From the entries below, write out exactly the lines between the line holding "Chilli Pepper Gemma" and the line holding "Здам Квартиру 38", inclusive, excluding any pictures.

RECORDS:
⁂

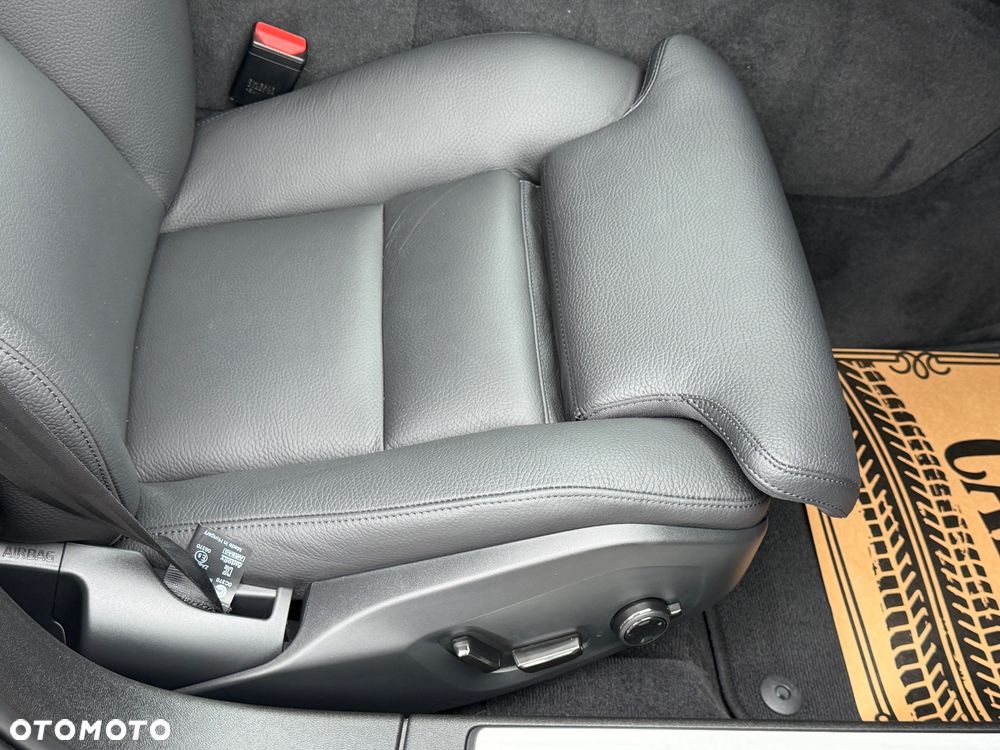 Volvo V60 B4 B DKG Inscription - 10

⁂

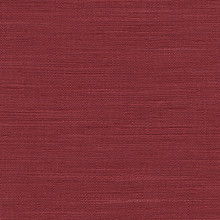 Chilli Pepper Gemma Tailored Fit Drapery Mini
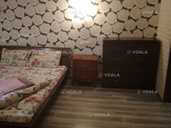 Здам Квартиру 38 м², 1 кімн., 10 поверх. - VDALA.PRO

⁂

RESPONSE:
 Chilli Pepper Gemma Tailored Fit Drapery Mini
 Здам Квартиру 38 м², 1 кімн., 10 поверх. - VDALA.PRO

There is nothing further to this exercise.